# Why does supralapsarianism seem to be so popular when the Synod of Dort teaches infralapsarianism?



## Charles Johnson (Oct 1, 2021)

I find it puzzling that so many (on the internet at least) seem to boast of being supralapsarian when the reformed standards teach infralapsarianism, and these boasts seem to come from those who pride themselves on their strict, uncompromising Calvinism. Perhaps I'm missing something, but I really do find it strange.


----------



## timfost (Oct 1, 2021)

Dort and Westminster favor sublapsarian language, but I would not say they teach it. There were notable supralapsarians in both assemblies.

Reactions: Like 3


----------



## Reformed Covenanter (Oct 1, 2021)

I essentially agree with Tim, though I have no personal position on the lapsarian question other than agreeing with R. L. Dabney's observation that the question ought never to have arisen. (Having read Reformed theology from the sources for twenty years, I have never been able to fully get my head around the issue or determine which view is correct.) Guy Richard's CPJ article on Samuel Rutherford's lapsarian position as a guide to understanding the Westminster Confession is very useful on this subject.

Reactions: Like 5


----------



## Charles Johnson (Oct 1, 2021)

timfost said:


> Dort and Westminster favor sublapsarian language, but I would not say they teach it. There were notable supralapsarians in both assemblies.

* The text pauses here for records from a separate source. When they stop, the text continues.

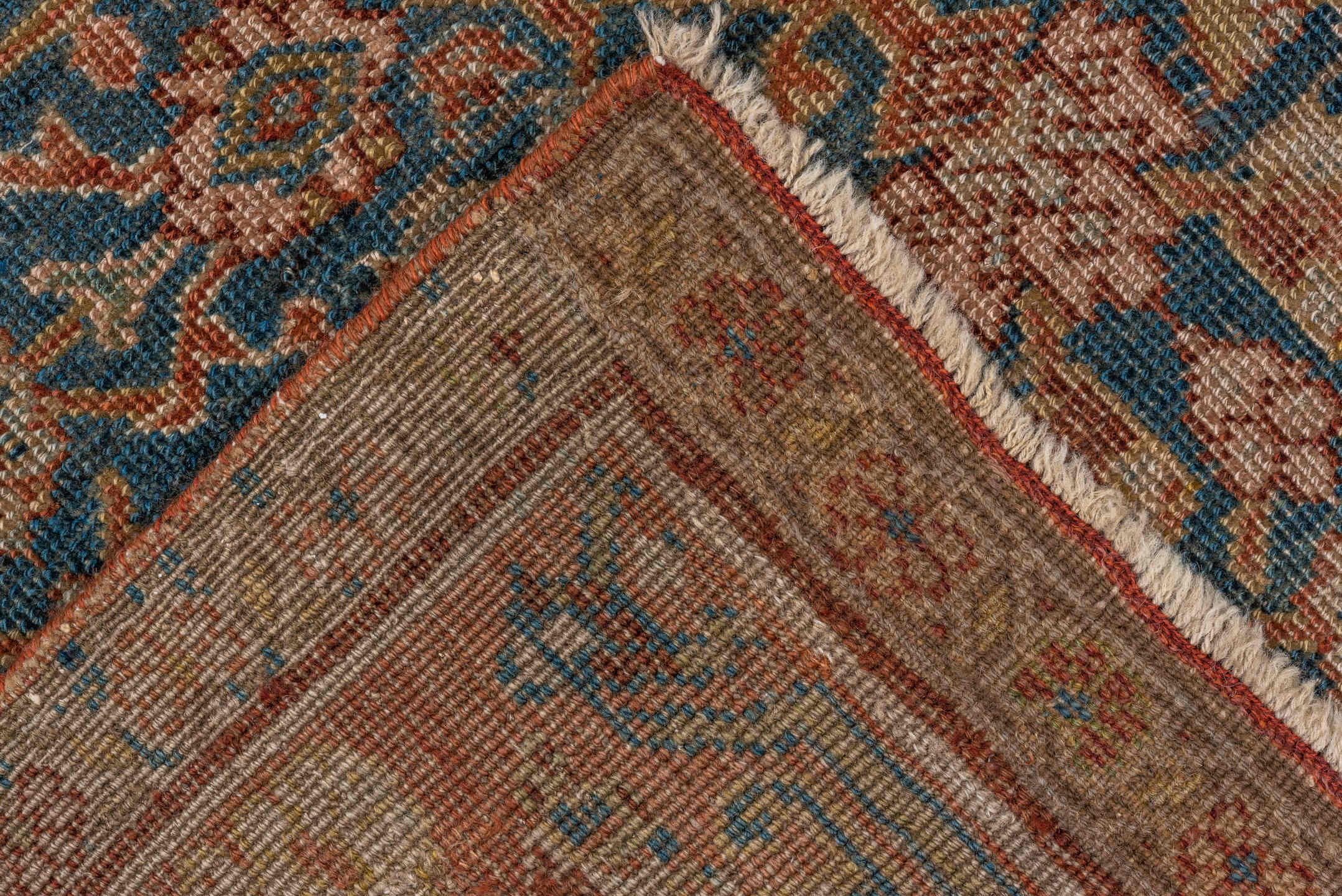 5' x 11' one-of-a-kind handmade vintage Bidjar rug. Color palette: gray, black, brown, blue, charcoal, dim gray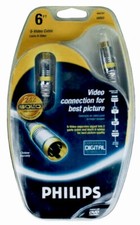 Philips 6 Feet Stereo Audio  S-Video Cable 24K Gold Plated New Factory Sealed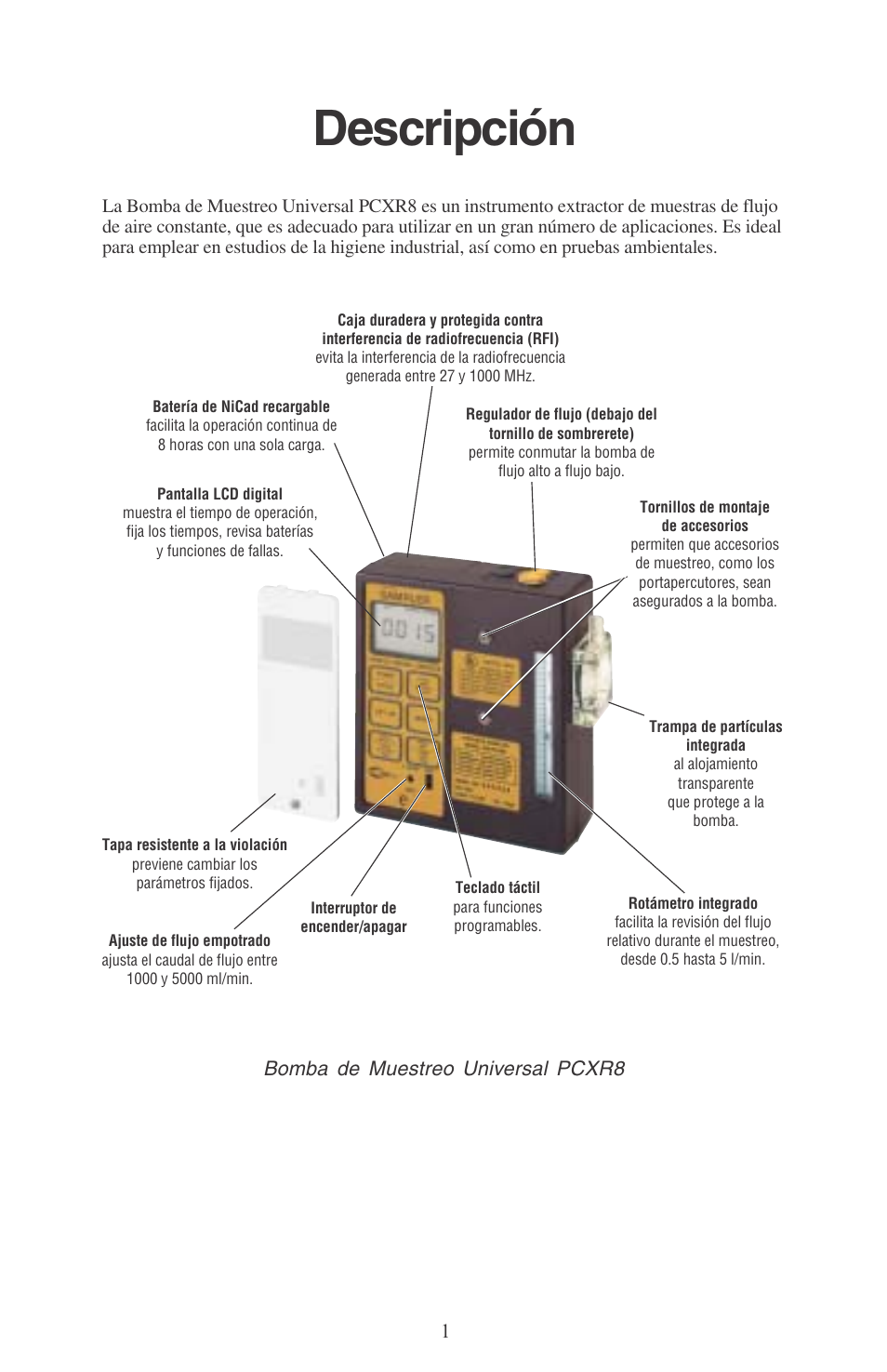 Descripción, Bomba de muestreo universal pcxr8 | SKC 224-PCXR8 Universal Pump User Manual | Page 3 / 31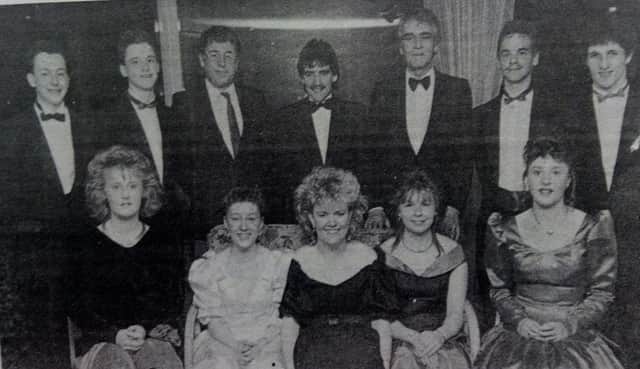 All dressed up for their formal at the White Horse Inn in 1989 are pupils from St Brecon's Secondary School in the Waterside.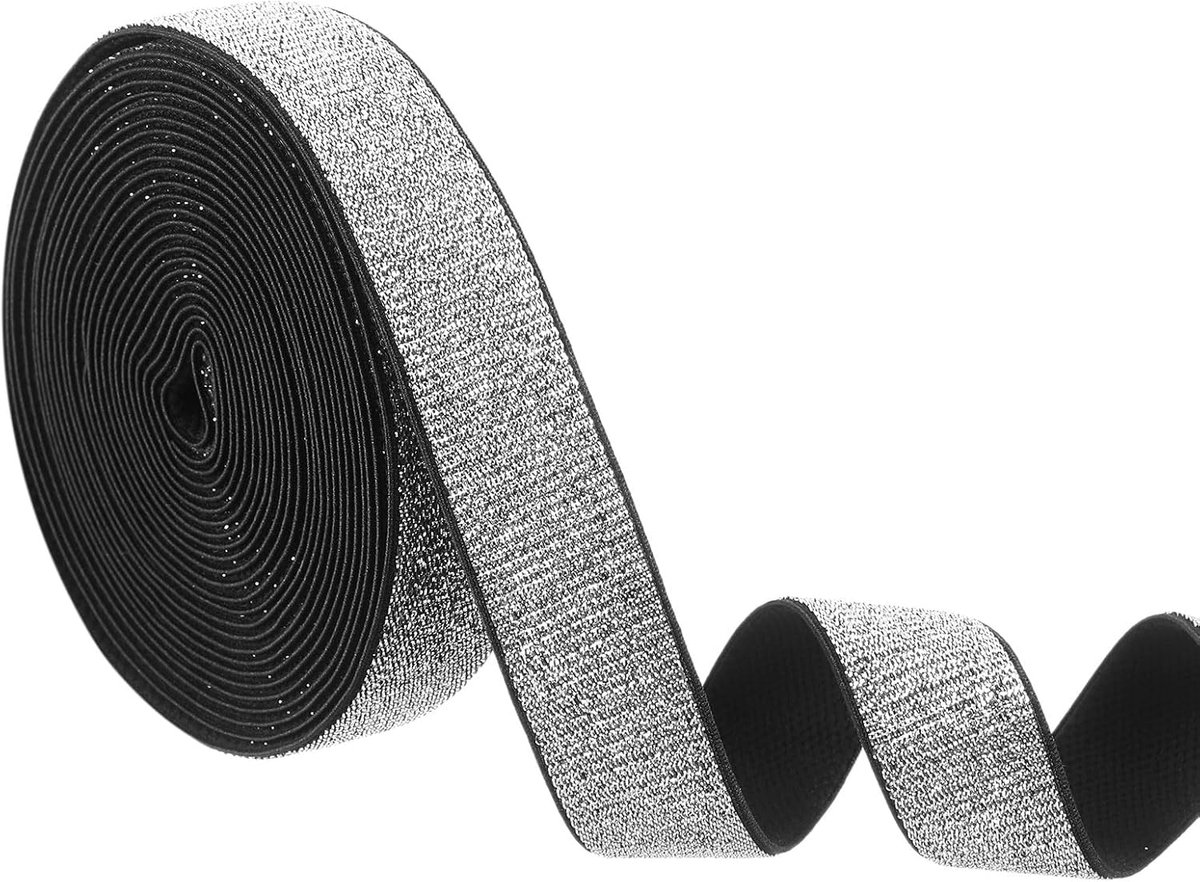 Glitters naaibanden, 2,5 x 12,5 m, elastische stretchband, metallic glinsterende naaiband, wikkelband voor doe-het-zelf handwerk, taille, broeken, kleding (zwarte rand, zilver)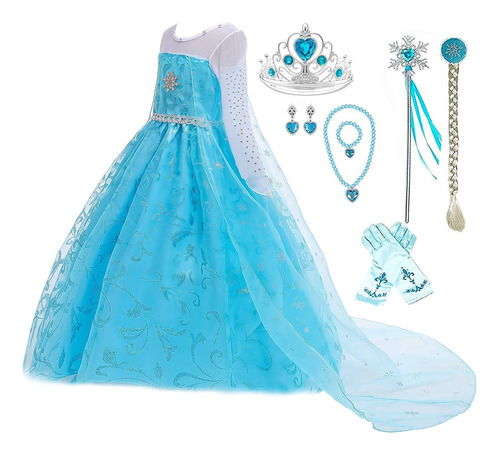 Disfraz Talla 11-12 Para Niñas De Princesa Elsa Con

"This... involves adopting certain particular persons from among the common mass of sinners as God’s own possession."
That's not an infralapsarian statement?


----------



## earl40 (Oct 2, 2021)

Charles Johnson said:


> "This... involves adopting certain particular persons from among the common mass of sinners as God’s own possession."
> That's not an infralapsarian statement?



It could if one thinks God "decides after" He looks upon His creation....


----------



## Taylor (Oct 2, 2021)

I’ve always understood that the Reformed confessions _lean_ toward infralapsarianism, yet they don’t take a hard stance on it so as not to exclude supralapsarianism, which is surely an orthodox option.

But I agree with Dabney as well (and Bavinck): the question ought never to have been raised. Some things are simply to wonderful for us.

Reactions: Like 1


----------



## Charles Johnson (Oct 2, 2021)

What does "while we were still sinners Christ died for us" mean if not that God chose sinners to save in Christ? (Rather than the supralapsarian teaching that God chose some men, considered as neither good nor bad, to become saints, and others to become reprobates).


----------



## Taylor (Oct 2, 2021)

I’m confused about this thread. Is it asking about what the confessions communicate, or whether or not supralapsarianism is biblical?


----------



## Romans922 (Oct 2, 2021)

Perhaps, you read too much into things. There are known infra and supra theologians who were Westminster divines and at Dort.


----------



## timfost (Oct 2, 2021)

Charles Johnson said:


> "This... involves adopting certain particular persons from among the common mass of sinners as God’s own possession."
> That's not an infralapsarian statement?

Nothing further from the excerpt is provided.